My family used African patters and prints—signs and symbols—as maps and
information that they used in Africa to communicate here so that they would not
be caught, killed, punished, or brought back to slavery,” said Kemp.
Kemp’s own family was instrumental in making use of the
quilts and also preserving their history. She is a graduate of West Virginia
State University
and ran a museum of her family’s history in Atlanta
until 2007, when she took her exhibit on the road. She brought her collection
of quilts to the Della Brown
Taylor Hardman Art
Gallery on West
Virginia State University’s
campus this weekend.
“This one is our oldest quilt. This is a silk log cabin
quilt,” said Kemp as she explained another important quilt in her collection.
The quilt features what Kemp calls the red door code, which
was an especially good sign for slaves traveling along the Underground
Railroad.
“These quilts, you could hang them outside as if they were
going to dry after you had clean them. If they could read they quilt they knew
this house was safe to come to,” she said.
While all of the quilts in Kemp’s exhibit are historically enlightening
and sentimentally important to her, no other is as eye-catching as the one with
portraits of her ancestors sewn onto the quilt.
It’s a family tree of sorts for Kemp and indicates her family’s ability
to overcome the horrors of slavery and segregation.
“This is my father’s grandmother, Austin. She quilted. This is my great-grandfather Jefferson.
William Jefferson had a store in in Burma,
West Virginia. They had a
two-story white house with apple trees and cherry trees. His wife taught me to
can, to cook, to make things from scratch on a coal stove. This is my mother’s father, he was Milton
Strother. He wrote the speeches of Strom
Thurman and he wrote one of the most inspirational speeches I’ve ever seen,” said Kemp.
Although Kemp’s family portrait quilt proves that
institutionalized slavery in America
no longer exists as it did in the nineteenth century, she said that slavery
still remains in different forms around the globe. The mission of her traveling exhibit is to
continue to combat human trafficking by sharing the methods African American
slaves used in the days of the Underground Railroad and long before.

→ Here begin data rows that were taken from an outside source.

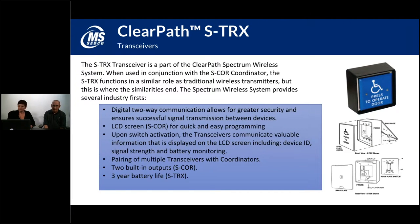The ClearPath STRX is the Spectrum version — the newest addition. The ClearPath Spectrum operates at a 2.4 gigahertz frequency, so it's a much higher frequency and is not compatible with the old ClearPath products. The STRX is our standard transceiver for the ClearPath Spectrum family.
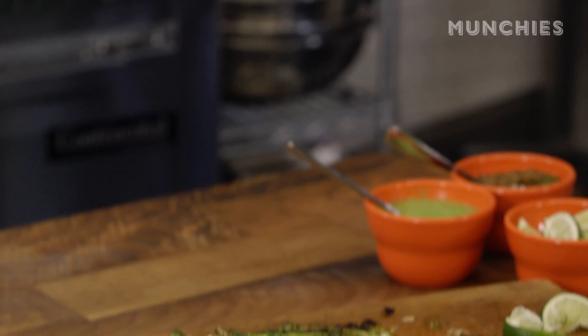I am Gabriela Camara. I have a restaurant in Mexico City called Contramar. I have a restaurant in San Francisco called Cala, and I am now going to make a very traditional pescado a la talla.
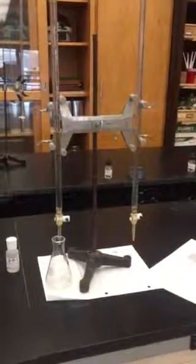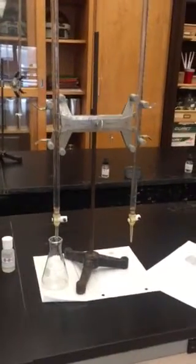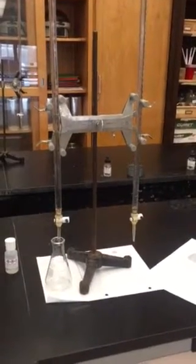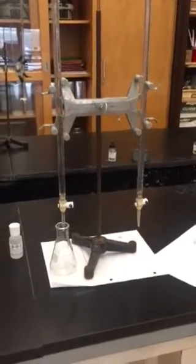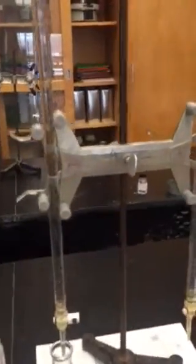Hello, Honors Chemistry. This is the pre-lab for 32: Are all acids created equal? I'm going to make a quick video as a reminder on how to use burettes that we have set up here. When you arrive in lab, you're going to see two burettes. They're going to be filled with an acid and a base.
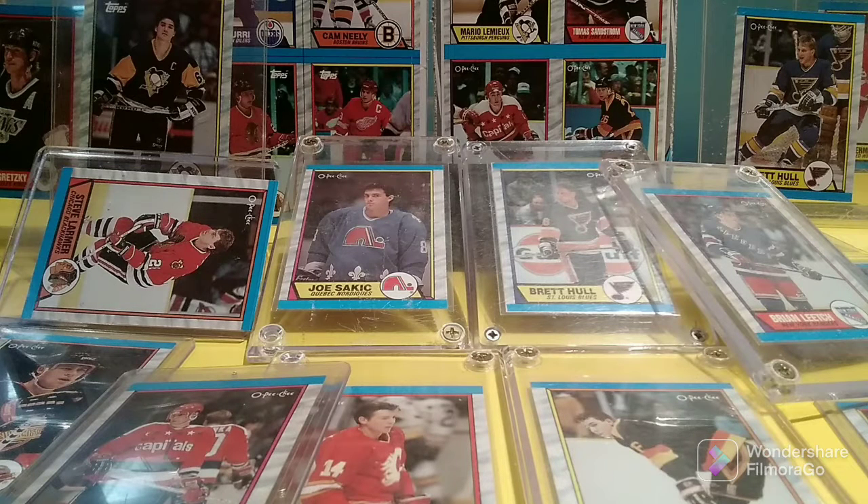Hello and welcome to Old Toy New Joy, the show where I share with you my previously enjoyed toys I've purchased from online sources, thrift stores and collector shows that once belonged to someone else.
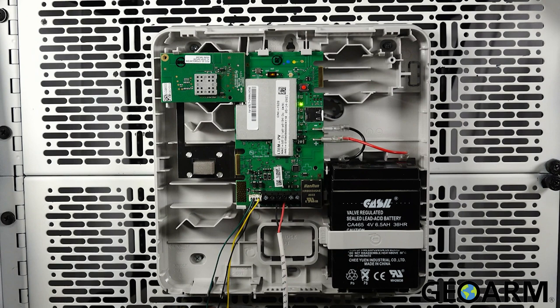Lastly, we can connect the battery. Please use the battery clip to ensure the battery doesn't fall out of the housing while the cover is open.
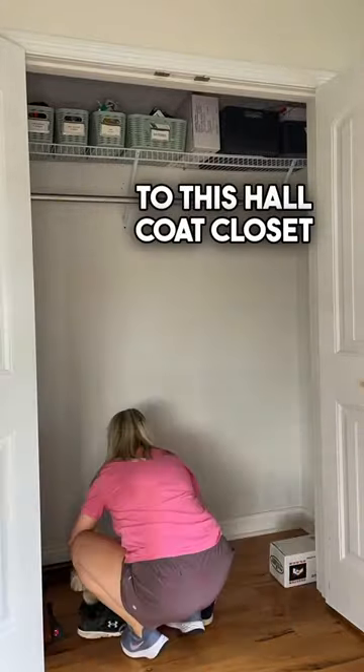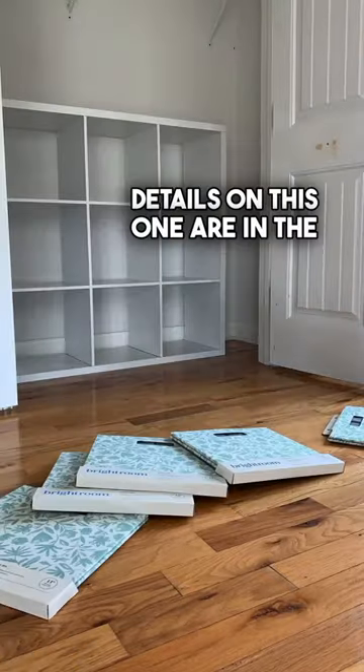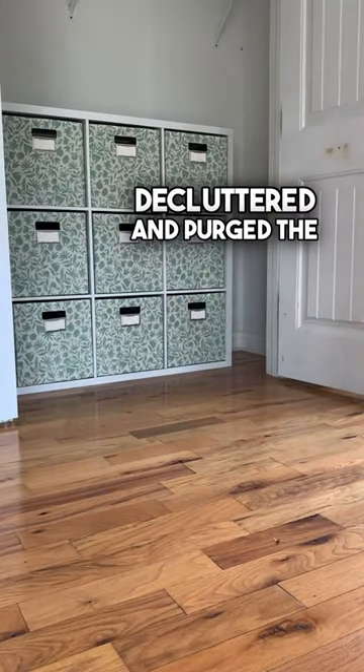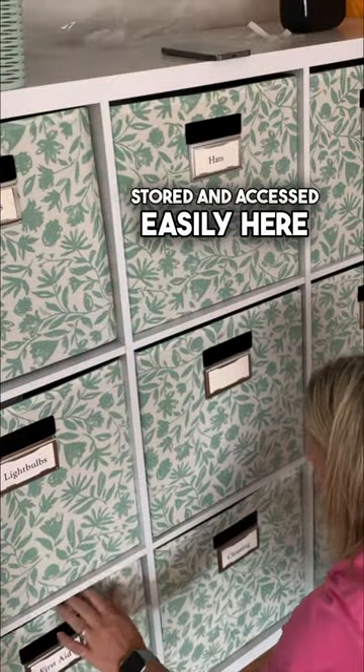Let's add some much needed storage to this hall coat closet without power tools. You're going to grab a cube system — details on this one are in the caption. Once you've decluttered and purged the items you no longer need, figure out what needs to be stored and accessed easily here.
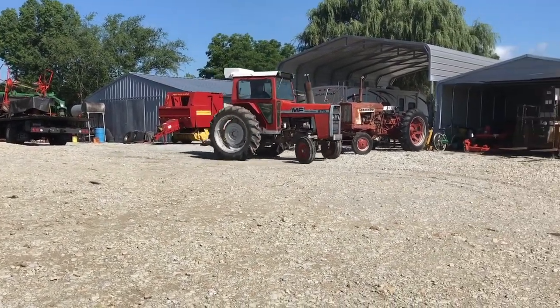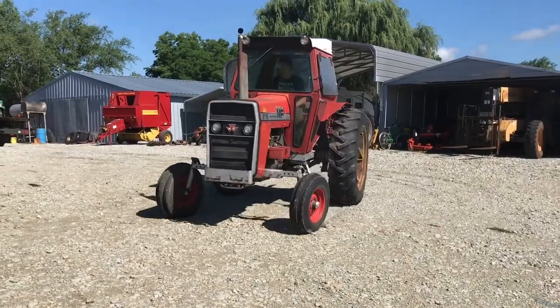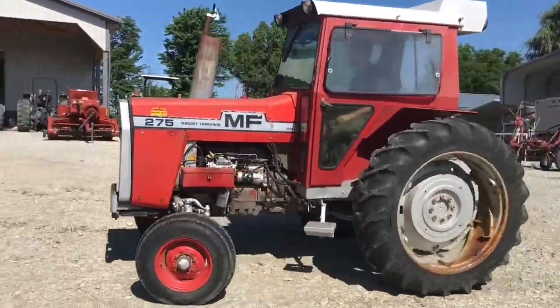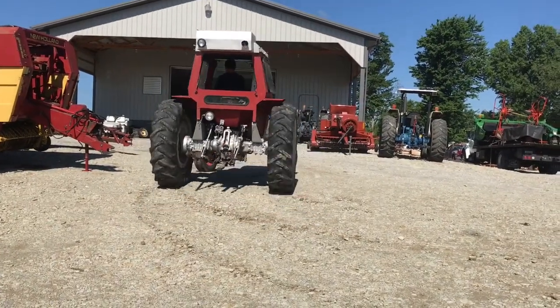Here is a Massey Ferguson 275 diesel. It does have a factory Massey Ferguson cab on it. Looks like it would come off pretty easy if you wanted it off there — you just need a set of fenders.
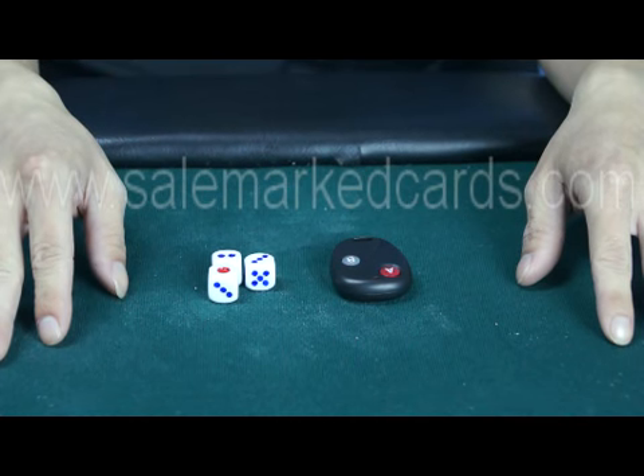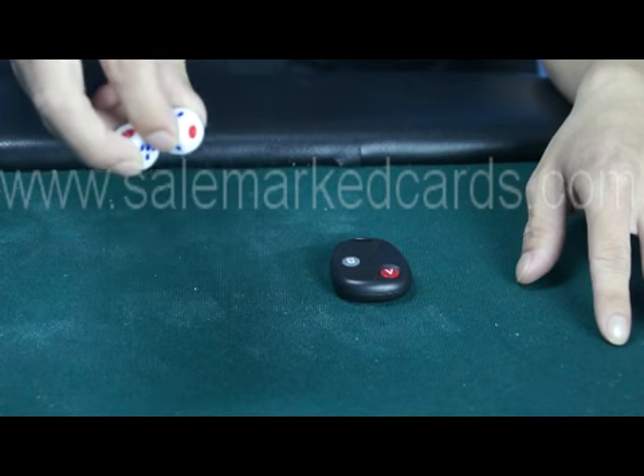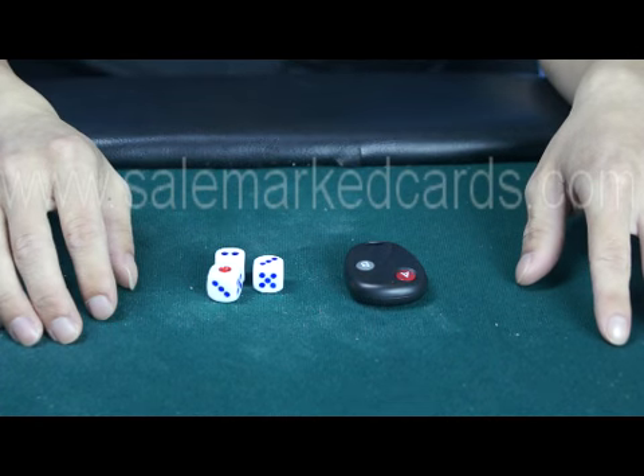Hi friends, now we are going to introduce our remote control dice to you all. This whole device contains our processed dice and a controller. When you throw the dice, press the button at the same time, then the dice will become any number you want. Now let's see how it works.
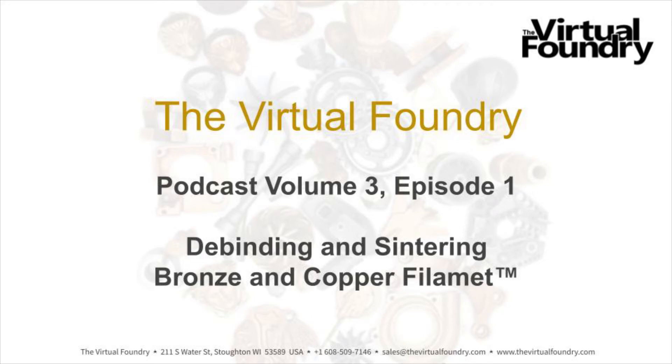Welcome to the Virtual Foundry podcast with Brad and Trisha. Today is Friday, February 11, 2022. The temperature is 41 degrees Fahrenheit — that's five degrees Celsius — here in southern Wisconsin, USA. Today we're going to be talking about debinding and sintering bronze and copper filament. I'm Trisha Seese, President of the Virtual Foundry, and with me as always is Brad Woods, our founder, inventor, and all-around science guy.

“Quilting is worldwide. So, we try to bring the exhibit to
say that slavery still exists. I still
fight human trafficking in Atlanta
as an abolitionist. I’m from a family of
abolitionists and this is one of over thirty-eight methods of escape that we
documented of how people want to be free—many, many years ago and today—around
they world. They use many different methods to get them out of slavery to
provide resources, comfort, food, clothing and shelter,” she said.